** Dataset excerpt follows **

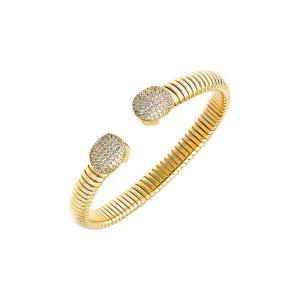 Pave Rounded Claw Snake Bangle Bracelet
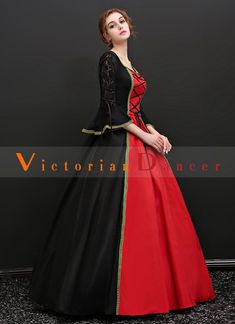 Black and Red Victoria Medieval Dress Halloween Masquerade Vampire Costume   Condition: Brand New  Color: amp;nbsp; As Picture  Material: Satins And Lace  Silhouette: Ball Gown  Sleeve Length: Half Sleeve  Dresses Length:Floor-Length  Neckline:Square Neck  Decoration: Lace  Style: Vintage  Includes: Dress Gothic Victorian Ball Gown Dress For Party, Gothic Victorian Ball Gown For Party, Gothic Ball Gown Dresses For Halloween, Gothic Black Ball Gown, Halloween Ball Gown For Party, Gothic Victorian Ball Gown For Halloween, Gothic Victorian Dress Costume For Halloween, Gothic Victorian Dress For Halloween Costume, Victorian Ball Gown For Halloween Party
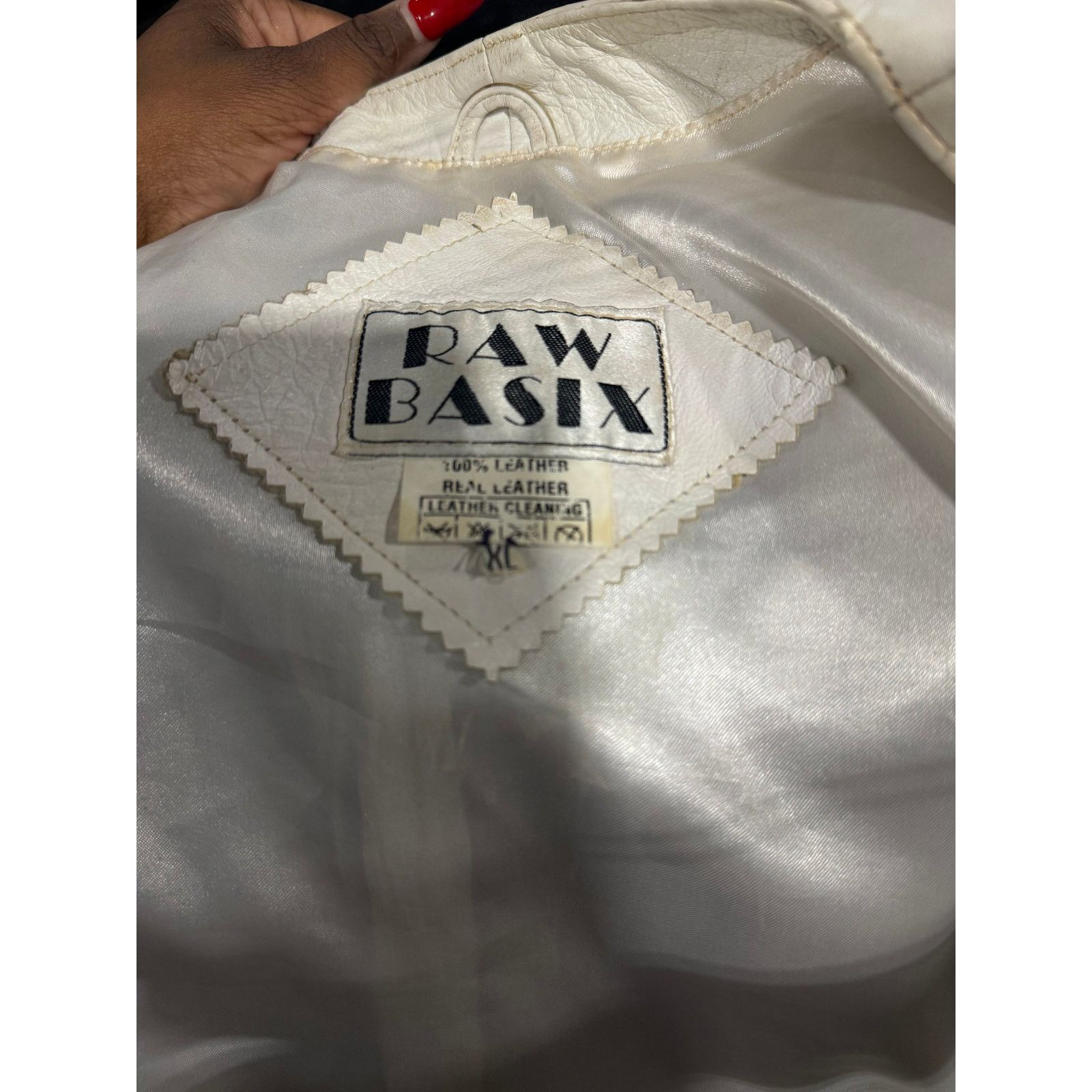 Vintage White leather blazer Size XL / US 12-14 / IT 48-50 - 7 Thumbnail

** End of Dataset excerpt **

> [Aim of the exercise] All of the data gets printed again exactly; the pictures do not.

> [Result of the exercise]
 Pave Rounded Claw Snake Bangle Bracelet
 Black and Red Victoria Medieval Dress Halloween Masquerade Vampire Costume   Condition: Brand New  Color: amp;nbsp; As Picture  Material: Satins And Lace  Silhouette: Ball Gown  Sleeve Length: Half Sleeve  Dresses Length:Floor-Length  Neckline:Square Neck  Decoration: Lace  Style: Vintage  Includes: Dress Gothic Victorian Ball Gown Dress For Party, Gothic Victorian Ball Gown For Party, Gothic Ball Gown Dresses For Halloween, Gothic Black Ball Gown, Halloween Ball Gown For Party, Gothic Victorian Ball Gown For Halloween, Gothic Victorian Dress Costume For Halloween, Gothic Victorian Dress For Halloween Costume, Victorian Ball Gown For Halloween Party
 Vintage White leather blazer Size XL / US 12-14 / IT 48-50 - 7 Thumbnail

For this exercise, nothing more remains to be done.